Required action — Your answer must be the exact lines of the listing below that run from the line with "品牌太阳能热水器全国诚招代理经销加盟商-江苏夏博士" to the line with "И.В., ISBN 9785991693813", ends included, and no pictures.

Dataset —

++++

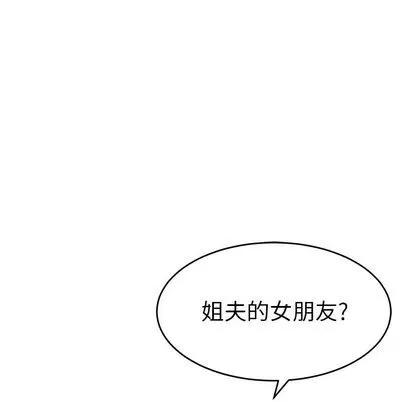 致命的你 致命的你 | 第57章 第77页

++++

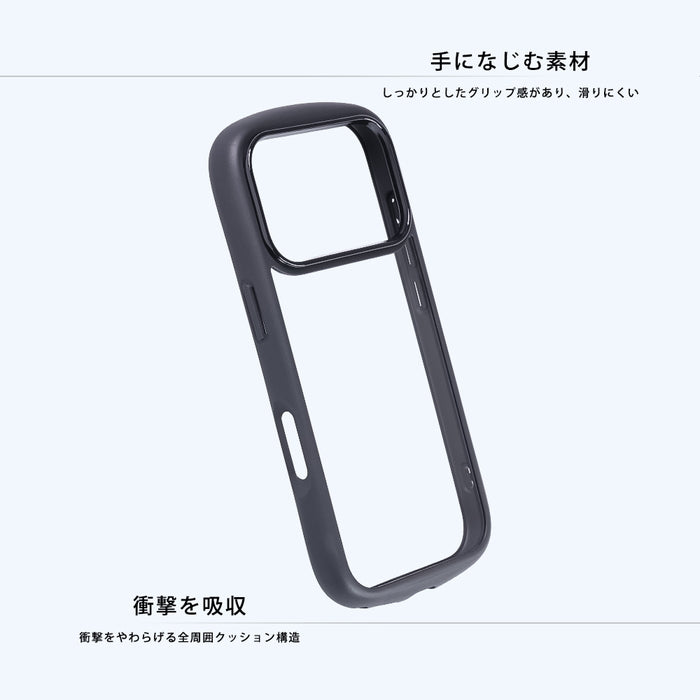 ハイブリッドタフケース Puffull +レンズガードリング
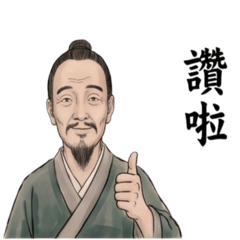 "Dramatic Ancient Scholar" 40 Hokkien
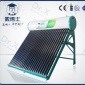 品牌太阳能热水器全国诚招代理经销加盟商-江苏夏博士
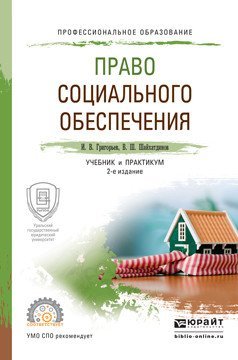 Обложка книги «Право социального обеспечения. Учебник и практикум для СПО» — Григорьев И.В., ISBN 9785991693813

++++

Solution to the problem —
 品牌太阳能热水器全国诚招代理经销加盟商-江苏夏博士
 Обложка книги «Право социального обеспечения. Учебник и практикум для СПО» — Григорьев И.В., ISBN 9785991693813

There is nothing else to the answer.